SPARTANBURG, SC (WSPA) – Many of us wouldn’t go anywhere nowadays without that supercomputer in our pocket, our cell phones.
Hackers are putting all that private information more at risk than ever, but what many don’t realize is that we are often the ones handing them the keys.
From scam texts to shady apps, how to protect your phone in this 7NEWS Consumer Exclusive.
The sound of a new text can delight, distract, or disappoint. Our 7NEWS crew was not hard pressed to find one person after another familiar with spam and scam texts.
“There was one text that was extremely suspicious. It had the Google photo of my son,” said Paul Fischer.
And remember those scam texts from your own number? Many people, like John Carrol, got those pretending to be a gift from your phone carrier for paying your bill.
“I feel like maybe I’m a magnet,” said Carroll, referring to all the scam texts he gets.
WHAT HAPPENS WHEN YOU CLICK ON SCAM TEXTS LINKS?
Reynard Misae has, perhaps, the most extreme scam text history, because he actually clicked on a scam text link, one he thought was coming from his university, and got flooded with more scam texts.
“I got this text that said hey, you’ve been selected for some sort of reward, would you like to participate? I clicked, it opens it, and it’s like a bootleg site, and I’m like this isn’t a university site. When you click on malicious links basically it doesn’t instantly try to scam you always, potential it would first put your number into whoever’s database and then it will pass it around to other scammers, because once you block one person there’s a whole nest of them to come bite you,” said Misae.
Misae said he was bombarded day after day with scam texts and calls, a scam technique known as doxingwhere your number and private information are shared on the dark web.
SIGNS A TEXT IS A SPAM/SCAM:
Keep in mind, many legitimate businesses nowadays send texts from a truncated number. If you get one from a 10-digit number, be cautious.
Also, before you click on any link, check that address for clues since it may not tie back to the company. And never click on any shorthand link that conceals the address.
Finally, if it’s the first text from that purported company that has ever come through, that’s a big red flag.
HOW TO BLOCK SCAM TEXTS:
So how do you filter out unwanted texts? There are three main ways:
- through your phone settings
- contact your mobile carrier
- download call blocking apps
Using all three methods might be most effective. This Federal Trade Commission site offers helpful information on those methods, plus how to report spam and scam texts.
WHY YOU SHOULD READ APP PERMISSIONS:
It’s not just malicious links that put our phones at risk.
Phil Yanov, the founder of Tech After Five, said beware of downloading fast spreading apps.
“They told us all along there’s an app for that, but what they didn’t tell us is those apps are using us, right? So, all those apps we might be loading, particularly the free ones, if the app is free then you are the product. Basically, they are selling your data to somebody else to do something else.
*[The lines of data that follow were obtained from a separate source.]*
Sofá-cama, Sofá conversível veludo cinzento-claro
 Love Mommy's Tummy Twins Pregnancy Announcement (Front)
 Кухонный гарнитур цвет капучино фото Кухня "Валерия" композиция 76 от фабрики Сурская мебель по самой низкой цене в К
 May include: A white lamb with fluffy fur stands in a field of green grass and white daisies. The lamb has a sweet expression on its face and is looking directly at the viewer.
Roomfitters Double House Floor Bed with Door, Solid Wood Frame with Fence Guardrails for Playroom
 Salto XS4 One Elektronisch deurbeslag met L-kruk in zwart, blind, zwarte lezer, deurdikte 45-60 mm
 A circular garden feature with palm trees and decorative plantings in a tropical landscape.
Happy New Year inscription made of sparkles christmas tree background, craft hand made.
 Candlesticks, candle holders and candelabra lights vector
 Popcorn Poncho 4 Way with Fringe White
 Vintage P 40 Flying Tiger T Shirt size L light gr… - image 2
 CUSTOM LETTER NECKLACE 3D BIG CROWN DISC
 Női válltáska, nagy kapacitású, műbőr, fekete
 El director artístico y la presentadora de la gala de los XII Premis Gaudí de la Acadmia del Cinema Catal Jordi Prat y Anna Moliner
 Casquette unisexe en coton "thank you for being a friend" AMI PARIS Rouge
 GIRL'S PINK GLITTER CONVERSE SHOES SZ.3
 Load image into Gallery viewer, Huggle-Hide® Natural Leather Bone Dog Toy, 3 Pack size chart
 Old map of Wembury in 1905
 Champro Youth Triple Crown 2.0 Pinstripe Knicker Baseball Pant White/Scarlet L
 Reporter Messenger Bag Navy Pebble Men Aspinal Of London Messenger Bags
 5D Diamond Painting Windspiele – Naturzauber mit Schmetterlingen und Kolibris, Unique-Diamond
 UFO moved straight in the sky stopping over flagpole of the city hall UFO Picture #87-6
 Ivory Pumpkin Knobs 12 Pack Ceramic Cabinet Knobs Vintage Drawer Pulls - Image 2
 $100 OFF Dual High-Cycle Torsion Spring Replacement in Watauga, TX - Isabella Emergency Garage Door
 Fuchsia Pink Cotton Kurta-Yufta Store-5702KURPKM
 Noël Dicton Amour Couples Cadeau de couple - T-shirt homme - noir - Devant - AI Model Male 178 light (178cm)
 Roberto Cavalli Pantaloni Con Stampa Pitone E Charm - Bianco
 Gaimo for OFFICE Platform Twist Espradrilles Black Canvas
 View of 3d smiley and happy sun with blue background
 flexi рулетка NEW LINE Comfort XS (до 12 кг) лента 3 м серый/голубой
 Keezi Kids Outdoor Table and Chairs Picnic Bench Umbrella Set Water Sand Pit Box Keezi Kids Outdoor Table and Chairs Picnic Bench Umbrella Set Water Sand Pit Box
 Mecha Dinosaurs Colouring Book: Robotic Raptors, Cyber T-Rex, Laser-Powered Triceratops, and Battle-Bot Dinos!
So, what do we need to do? You need to be really suspicious of free apps,” Yanov said.
And cyber experts warn, be extra speculative with apps that request your photo, like FaceApp that ages your photo and New Profile Pic that turns your photo into artwork. Those creative alterations are fun, but you have no control over where those images end up.
“I noticed its spreading fast, and a lot of friends have downloaded it and done lots of pics with it and I thought maybe I need to do this. And I looked and I thought maybe I don’t,” said Pam Harrison in Spartanburg.
Reading app permissions is more important than ever. But as Spartanburg Community College student Natalie Lee admits, few make the effort.
“It’s kind of an impulse thing. You have to have your friends come up to you and be like this is so cool you’ve got to download it. It’s those moments where ‘Oh, OK, I’m going to download it.’ So, since they are right beside you, you just have to hurry up and do all the permissions, like, they’ve already gone through it, why not?” said Natalie Lee, a student at USC Upstate.
Whether it’s text scams or downloading apps, Misae warns there is no quick fix to a hack. He had to change his number and sim card, and he still gets the occasional scam text.